A “Top 10 List” Too Good to Passover!

I can’t help it!  It is 5:10 PM on Friday before headed into Passover Break and it has been such a wonderful and exhausting week that I lack all original thought…so, when in doubt…a Top 10 List (borrowed and adapted from sources too numerous to mention):

Top 10 Ways

To Improve Your Seder

The Passover Seder is the most widely observed Jewish ritual throughout the world.  Yet, many sedarim are spent with families sitting around the table with books in front of their faces, until Uncle Henry asks, “When do we eat?”

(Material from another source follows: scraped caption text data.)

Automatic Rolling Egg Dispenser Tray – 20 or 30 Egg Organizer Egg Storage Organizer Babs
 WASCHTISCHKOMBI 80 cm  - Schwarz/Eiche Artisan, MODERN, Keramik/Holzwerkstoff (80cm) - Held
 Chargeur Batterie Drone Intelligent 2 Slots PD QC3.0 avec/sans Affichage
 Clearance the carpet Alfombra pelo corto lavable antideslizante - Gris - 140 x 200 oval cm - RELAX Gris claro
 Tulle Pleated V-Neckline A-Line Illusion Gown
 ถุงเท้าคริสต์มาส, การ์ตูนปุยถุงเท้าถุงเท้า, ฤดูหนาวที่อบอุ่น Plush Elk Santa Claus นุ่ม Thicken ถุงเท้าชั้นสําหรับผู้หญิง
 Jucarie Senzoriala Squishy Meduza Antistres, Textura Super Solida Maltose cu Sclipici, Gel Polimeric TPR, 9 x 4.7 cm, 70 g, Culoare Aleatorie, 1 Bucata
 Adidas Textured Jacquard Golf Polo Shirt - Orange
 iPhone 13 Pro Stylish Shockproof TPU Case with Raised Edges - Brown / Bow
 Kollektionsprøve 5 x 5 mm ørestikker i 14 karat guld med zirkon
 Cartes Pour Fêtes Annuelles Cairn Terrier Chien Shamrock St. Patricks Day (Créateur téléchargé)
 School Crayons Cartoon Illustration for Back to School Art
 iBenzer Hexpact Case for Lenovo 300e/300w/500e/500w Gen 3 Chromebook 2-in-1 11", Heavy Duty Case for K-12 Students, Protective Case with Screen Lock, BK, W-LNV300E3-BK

The Seder is a wonderful opportunity for families to spend time doing something they might not otherwise do—talk with one another!  The Seder was designed to be an interactive, thought provoking, and enjoyable experience, so now it is up to us to ensure that really happens.  Here are my top ten suggestions on how to make your Seder a more positive and meaningful experience:

1.  Tell the story of the Exodus

The core mitzvah of Passover is telling the story.  Until the 9th century, there was no clear way of telling the story.  In fact, there was tremendous fluidity in how the story was told.  The printing press temporarily put an end to all creativity of how to the story was told.  We need not limit ourselves to the words printed in the Haggadah.  Feel free to be creative in the way in which you tell the story.  This could be done by means of a skit, game, or informally going around the table and sharing each person’s version of the story.  If there are older members at the table, this might be a good time hear their “story,” and perhaps their “exodus” from whichever land they may have come.

2.  Sing Songs

If your family enjoys singing, the Seder is a fantastic time to break out those vocal cords! In addition to the traditional array of Haggadah melodies, new English songs are written each year, often to the tunes of familiar melodies.  Or just spend some time on YouTube! Alternatively, for the creative and adventurous souls, consider writing your own!

3.  Multiple Haggadot

For most families, I would recommend choosing one haggadah to use at the table.  This is helpful in maintaining consistency and ensuring that everyone is “on the same page.”  Nevertheless, it is also nice to have extra haggadot available for different commentaries and fresh interpretations.  Encourage your guests to bring to the seder any unusual haggadot they may have collected over the years.  Consider starting your own haggadah collection, it is never too late!

4.  Karpas of Substance

One solution to the “when are we going to eat” dilemma, is to have a “karpas of substance.”  The karpas (green vegetable) is served towards the beginning of the seder, and in most homes is found in the form of celery or parsley.  In truth, karpas can be eaten over any vegetable over which we say the blessing, “borei pri ha’adamah,” which praises God for “creating the fruit from the ground.”  Therefore, it is often helpful to serve something more substantial to hold your guests over until the meal begins.  Some suggestions for this are: potatoes, salad, and artichokes.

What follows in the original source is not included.